Под одним из старых, широко раскинувшихся дубов он соскочил с лошади и в изнеможении бросился на траву. Покой и тишина леса охватили его. Солнце поблескивало сквозь листву, пересвистывались птицы, мохнатые пчёлы с тяжким гуденьем кружились над каким-то длинным цветком, торчавшим у самого его лица... Лошадь, постояв немного в раздумье и, видимо, сообразив, что это надолго, потихоньку отошла от него к другому краю поляны, где трава была погуще и посвежей. Вытянувшись в рост, он медленно, всё ещё чувствуя лёгкий хмель в голове, начал погружаться в забытье... Ах, как хорошо было бы лежать так и лежать до скончания всех времён, смотреть сквозь надвигающуюся дрёму на тонкие лезвия травинок, на жёлуди, прячущиеся в сухих листьях, на каких-то крошечных козявок, копошащихся внизу, под каждым стебельком. Лежать так и лежать, никому не делая зла и не отвечая ни за что...

«Но возможно ли это? – думал он. – Возможно ли прожить жизнь, никому не делая зла? Даже доброму, благожелательному человеку, не питающему злобы ни к кому?.. Не знаю... Думаю, что нет, невозможно. Мне, по крайней мере, не удалось... Гретхен, Фридерика Брион, Лили Шёнеман... Как ни зажмуривайся, а они всегда, до самого конца будут лежать тяжким бременем на моей душе.
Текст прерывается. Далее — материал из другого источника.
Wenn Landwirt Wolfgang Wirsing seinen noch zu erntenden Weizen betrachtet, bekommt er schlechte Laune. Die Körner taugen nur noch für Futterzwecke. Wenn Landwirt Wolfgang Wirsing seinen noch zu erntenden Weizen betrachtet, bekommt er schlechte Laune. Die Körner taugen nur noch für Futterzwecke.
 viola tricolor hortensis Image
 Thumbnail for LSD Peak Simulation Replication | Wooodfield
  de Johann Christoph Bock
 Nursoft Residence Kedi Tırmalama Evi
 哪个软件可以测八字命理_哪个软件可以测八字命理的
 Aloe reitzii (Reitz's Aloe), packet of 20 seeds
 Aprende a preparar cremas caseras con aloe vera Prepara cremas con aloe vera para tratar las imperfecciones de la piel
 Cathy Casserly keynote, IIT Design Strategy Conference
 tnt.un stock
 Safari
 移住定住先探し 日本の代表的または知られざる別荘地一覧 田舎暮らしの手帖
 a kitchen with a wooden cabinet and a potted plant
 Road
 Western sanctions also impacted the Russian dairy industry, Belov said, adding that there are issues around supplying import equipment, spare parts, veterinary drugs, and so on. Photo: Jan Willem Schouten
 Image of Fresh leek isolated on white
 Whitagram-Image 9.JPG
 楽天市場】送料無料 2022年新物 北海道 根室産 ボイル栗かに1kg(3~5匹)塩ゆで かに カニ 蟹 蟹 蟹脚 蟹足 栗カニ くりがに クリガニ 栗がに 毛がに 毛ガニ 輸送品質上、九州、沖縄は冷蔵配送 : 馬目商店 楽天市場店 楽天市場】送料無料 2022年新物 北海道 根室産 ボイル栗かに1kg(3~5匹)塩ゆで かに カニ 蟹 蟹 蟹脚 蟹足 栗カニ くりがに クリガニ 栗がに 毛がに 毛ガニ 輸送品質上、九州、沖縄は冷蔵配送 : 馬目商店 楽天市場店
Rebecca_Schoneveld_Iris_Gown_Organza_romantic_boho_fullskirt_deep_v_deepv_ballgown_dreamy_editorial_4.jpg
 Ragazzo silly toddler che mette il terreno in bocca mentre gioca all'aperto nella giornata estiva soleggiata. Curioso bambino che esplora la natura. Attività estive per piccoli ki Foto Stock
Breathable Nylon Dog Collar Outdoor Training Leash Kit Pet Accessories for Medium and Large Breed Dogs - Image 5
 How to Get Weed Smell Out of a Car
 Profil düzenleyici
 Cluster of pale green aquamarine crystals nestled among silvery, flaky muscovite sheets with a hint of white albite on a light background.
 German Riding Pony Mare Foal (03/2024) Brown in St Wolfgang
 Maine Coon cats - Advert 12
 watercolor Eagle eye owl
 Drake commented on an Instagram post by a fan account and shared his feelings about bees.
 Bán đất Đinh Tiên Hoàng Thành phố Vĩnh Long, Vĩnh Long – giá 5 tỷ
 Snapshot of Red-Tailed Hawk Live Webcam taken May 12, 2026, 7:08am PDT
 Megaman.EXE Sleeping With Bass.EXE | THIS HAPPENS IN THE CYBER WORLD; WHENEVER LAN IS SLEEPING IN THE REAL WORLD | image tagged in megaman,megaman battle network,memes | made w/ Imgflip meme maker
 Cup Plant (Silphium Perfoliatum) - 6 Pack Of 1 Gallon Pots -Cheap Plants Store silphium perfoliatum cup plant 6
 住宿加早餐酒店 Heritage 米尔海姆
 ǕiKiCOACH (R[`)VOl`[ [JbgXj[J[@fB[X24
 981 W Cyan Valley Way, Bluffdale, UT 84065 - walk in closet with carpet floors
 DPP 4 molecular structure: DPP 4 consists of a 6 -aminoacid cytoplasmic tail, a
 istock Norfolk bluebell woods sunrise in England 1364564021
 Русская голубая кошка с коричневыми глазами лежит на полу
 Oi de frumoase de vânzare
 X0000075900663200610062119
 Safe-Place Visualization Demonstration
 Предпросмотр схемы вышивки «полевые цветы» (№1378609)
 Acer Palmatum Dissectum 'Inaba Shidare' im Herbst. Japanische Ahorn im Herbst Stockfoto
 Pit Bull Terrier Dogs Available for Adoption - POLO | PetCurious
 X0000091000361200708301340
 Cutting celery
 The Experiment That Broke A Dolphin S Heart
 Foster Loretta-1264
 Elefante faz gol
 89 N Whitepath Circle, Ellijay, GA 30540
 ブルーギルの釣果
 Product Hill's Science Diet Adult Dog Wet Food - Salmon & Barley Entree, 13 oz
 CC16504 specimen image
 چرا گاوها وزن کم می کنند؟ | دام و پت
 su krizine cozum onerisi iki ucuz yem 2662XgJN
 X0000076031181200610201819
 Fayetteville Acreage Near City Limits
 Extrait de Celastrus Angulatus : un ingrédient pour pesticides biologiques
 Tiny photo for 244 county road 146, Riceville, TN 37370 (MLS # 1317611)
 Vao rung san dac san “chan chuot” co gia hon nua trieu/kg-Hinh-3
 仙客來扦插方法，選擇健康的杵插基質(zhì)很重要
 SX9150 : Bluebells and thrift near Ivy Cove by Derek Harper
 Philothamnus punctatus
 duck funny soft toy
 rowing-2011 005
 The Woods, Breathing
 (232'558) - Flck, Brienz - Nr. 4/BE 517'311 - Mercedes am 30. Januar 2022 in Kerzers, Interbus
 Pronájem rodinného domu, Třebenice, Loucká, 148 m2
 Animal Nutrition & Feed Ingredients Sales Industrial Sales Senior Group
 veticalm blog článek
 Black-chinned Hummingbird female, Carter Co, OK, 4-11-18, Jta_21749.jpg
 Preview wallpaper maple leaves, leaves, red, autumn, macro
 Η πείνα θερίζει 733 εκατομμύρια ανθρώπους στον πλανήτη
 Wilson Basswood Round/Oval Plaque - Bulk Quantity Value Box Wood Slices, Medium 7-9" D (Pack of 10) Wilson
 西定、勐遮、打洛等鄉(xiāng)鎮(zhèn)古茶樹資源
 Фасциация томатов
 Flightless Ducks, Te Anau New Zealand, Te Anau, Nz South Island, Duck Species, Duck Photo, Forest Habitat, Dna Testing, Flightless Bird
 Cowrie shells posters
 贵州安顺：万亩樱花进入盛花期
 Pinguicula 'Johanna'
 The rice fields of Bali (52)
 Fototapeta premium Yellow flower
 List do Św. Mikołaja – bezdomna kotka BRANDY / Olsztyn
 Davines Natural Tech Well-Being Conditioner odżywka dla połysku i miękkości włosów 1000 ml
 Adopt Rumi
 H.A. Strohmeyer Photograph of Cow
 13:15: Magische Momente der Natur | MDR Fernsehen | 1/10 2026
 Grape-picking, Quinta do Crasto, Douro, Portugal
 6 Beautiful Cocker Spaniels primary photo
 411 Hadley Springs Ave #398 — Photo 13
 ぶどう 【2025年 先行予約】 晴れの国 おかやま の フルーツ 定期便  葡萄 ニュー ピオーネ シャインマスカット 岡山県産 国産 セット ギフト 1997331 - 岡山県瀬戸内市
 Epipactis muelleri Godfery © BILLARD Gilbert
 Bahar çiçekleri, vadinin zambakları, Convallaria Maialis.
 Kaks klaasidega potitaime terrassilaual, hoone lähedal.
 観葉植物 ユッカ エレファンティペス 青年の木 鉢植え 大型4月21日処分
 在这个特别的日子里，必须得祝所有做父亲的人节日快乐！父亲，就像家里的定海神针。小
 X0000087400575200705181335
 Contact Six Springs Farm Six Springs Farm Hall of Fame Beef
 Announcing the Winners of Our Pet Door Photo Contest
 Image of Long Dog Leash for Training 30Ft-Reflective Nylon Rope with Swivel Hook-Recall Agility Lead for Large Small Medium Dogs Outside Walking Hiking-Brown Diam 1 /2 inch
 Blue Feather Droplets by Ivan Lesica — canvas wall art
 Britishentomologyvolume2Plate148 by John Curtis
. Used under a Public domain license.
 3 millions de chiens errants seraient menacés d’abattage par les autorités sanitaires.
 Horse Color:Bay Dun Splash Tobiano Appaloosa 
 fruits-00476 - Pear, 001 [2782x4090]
А были ещё, вероятно, и другие, мелкие, неявные грехи и жестокости, которых я даже и не замечал, когда они совершались, но которые тем не менее тоже записаны там где-то на мой счёт... Конечно, у меня всегда были серьёзные оправдания, этого тоже нельзя не учитывать... Скажем, если я бежал от Фридерики, то вовсе не потому, что я по натуре жесток и неблагодарен, а потому, что, останься я с ней, – и не было бы сегодня ни поэта Гёте, ни премьер-министра Гёте. То есть не было бы того, к чему меня предназначило Провидение и чему я сопротивляться был не вправе, даже если у меня хватило бы на это решимости и душевных сил... Но, однако, факт остаётся фактом: бедная девочка так и осталась без меня одна и, я уверен, так и останется одна до конца своих дней. И получается, что и здесь, в малом, всё точно так же, как и в большом! Чтобы людям было лучше, чтобы я мог совершить то, к чему меня уготовила судьба, кто-то один – и даже не один – должен быть несчастлив, должен быть раздавлен в прах, и винить в этом некого, потому что иначе и не могло быть. О Господи... Ты же знаешь! Ты же знаешь, что я не злой, не жестокий человек, что я пытаюсь в меру своих сил и возможностей делать добро людям! И не потому, что Ты или люди смотрят на меня, а потому, что такова моя природа, таково моё сердце, таков строй всех моих размышлений с тех пор, как я помню самого себя. Не Твоё одобрение и не одобрение людей движут мной. Мною движет моё «я»... Моё собственное «я»... Кто, к примеру, знает о Крафте[212]212
  Крафт Иоганн Фридрих (имя не подлинное и кто он – никто не знал; ум. в 1785 г.) – подопечный Гёте, в 1778 г. обратился к нему за помощью, жил в Ильменау, был образован и сведущ в экономике.


[Закрыть]
? Кто? Никто. Даже Кнебель, даже Шарлотта – и те не знают о нём ничего. А это не единственное доброе моё дело на земле и, я надеюсь, далеко не последнее...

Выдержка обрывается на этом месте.